Even the elemental parts of the same feather may be transposed; for in the Sebastopol goose, barbules are developed on the divided filaments of the shaft. Imperfect nails sometimes appear on the stumps of the amputated fingers of man (27/66. Muller 'Phys.' English Translation volume 1 1833 page 407. A case of this kind has lately been communicated to me.) and it is an interesting fact that with the snake-like Saurians, which present a series with more and more imperfect limbs, the terminations of the phalanges first disappear, "the nails becoming transferred to their proximal remnants, or even to parts which are not phalanges." (27/67. Dr. Furbringer 'Die Knochen etc. bei den schlangenahnlichen Sauriern' as reviewed in 'Journal of Anat. and Phys.' May 1870 page 286.)

Analogous cases are of such frequent occurrence with plants that they do not strike us with sufficient surprise. Supernumerary petals, stamens, and pistils, are often produced. I have seen a leaflet low down in the compound leaf of Vicia sativa replaced by a tendril; and a tendril possesses many peculiar properties, such as spontaneous movement and irritability. The calyx sometimes assumes, either wholly or by stripes, the colour and texture of the corolla. Stamens are so frequently converted into petals, more or less completely, that such cases are passed over as not deserving notice; but as petals have special functions to perform, namely, to protect the included organs, to attract insects, and in not a few cases to guide their entrance by well-adapted contrivances, we can hardly account for the conversion of stamens into petals merely by unnatural or superfluous nourishment. Again, the edge of a petal may occasionally be found including one of the highest products of the plant, namely, pollen; for instance, I have seen the pollen-mass of an Ophrys, which is a very complex structure, developed in the edge of an upper petal. The segments of the calyx of the common pea have been observed partially converted into carpels, including ovules, and with their tips converted into stigmas. Mr. Salter and Dr. Maxwell Masters have found pollen within the ovules of the passion-flower and of the rose. Buds may be developed in the most unnatural positions, as on the petal of a flower. Numerous analogous facts could be given. (27/68. Moquin-Tandon 'Teratologie Veg.' 1841 pages 218, 220, 353. For the case of the pea see 'Gardener's Chronicle' 1866 page 897. With respect to pollen within ovules see Dr. Masters in 'Science Review' October 1873 page 369. The Rev. J.M. Berkeley describes a bud developed on a petal of a Clarkia in 'Gardener's Chronicle' April 28, 1866.)

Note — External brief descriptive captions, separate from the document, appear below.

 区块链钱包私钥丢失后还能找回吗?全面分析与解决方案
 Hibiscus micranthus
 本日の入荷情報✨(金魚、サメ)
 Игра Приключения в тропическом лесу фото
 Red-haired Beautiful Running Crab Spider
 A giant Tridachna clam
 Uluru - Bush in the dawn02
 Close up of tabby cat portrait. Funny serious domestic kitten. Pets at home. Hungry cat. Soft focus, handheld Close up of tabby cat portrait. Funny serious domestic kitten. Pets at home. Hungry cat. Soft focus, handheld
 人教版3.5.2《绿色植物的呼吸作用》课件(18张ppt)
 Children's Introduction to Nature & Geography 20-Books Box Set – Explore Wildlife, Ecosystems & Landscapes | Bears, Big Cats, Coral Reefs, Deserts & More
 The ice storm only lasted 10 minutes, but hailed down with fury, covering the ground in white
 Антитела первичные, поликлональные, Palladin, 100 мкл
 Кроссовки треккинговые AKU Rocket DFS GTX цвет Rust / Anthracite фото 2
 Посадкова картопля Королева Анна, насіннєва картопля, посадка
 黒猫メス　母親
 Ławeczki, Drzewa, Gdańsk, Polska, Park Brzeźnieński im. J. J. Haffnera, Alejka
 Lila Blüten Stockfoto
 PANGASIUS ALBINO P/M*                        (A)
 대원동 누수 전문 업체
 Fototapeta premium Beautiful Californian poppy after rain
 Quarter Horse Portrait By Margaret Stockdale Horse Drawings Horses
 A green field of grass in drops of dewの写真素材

I do not know how physiologists look at such facts as the foregoing. According to the doctrine of pangenesis, the gemmules of the transposed organs become developed in the wrong place, from uniting with wrong cells or aggregates of cells during their nascent state; and this would follow from a slight modification in their elective affinities. Nor ought we to feel much surprise at the affinities of cells and gemmules varying, when we remember the many curious cases given in the seventeenth chapter, of plants which absolutely refuse to be fertilised by their own pollen, though abundantly fertile with that of any other individual of the same species, and in some cases only with that of a distinct species. It is manifest that the sexual elective affinities of such plants--to use the term employed by Gartner--have been modified. As the cells of adjoining or homologous parts will have nearly the same nature, they will be particularly liable to acquire by variation each other's elective affinities; and we can thus understand to a certain extent such cases as a crowd of horns on the heads of certain sheep, of several spurs on the legs of fowls, hackle-like feathers on the heads of the males of other fowls, and with the pigeon wing-like feathers on their legs and membrane between their toes, for the leg is the homologue of the wing. As all the organs of plants are homologous and spring from a common axis, it is natural that they should be eminently liable to transposition.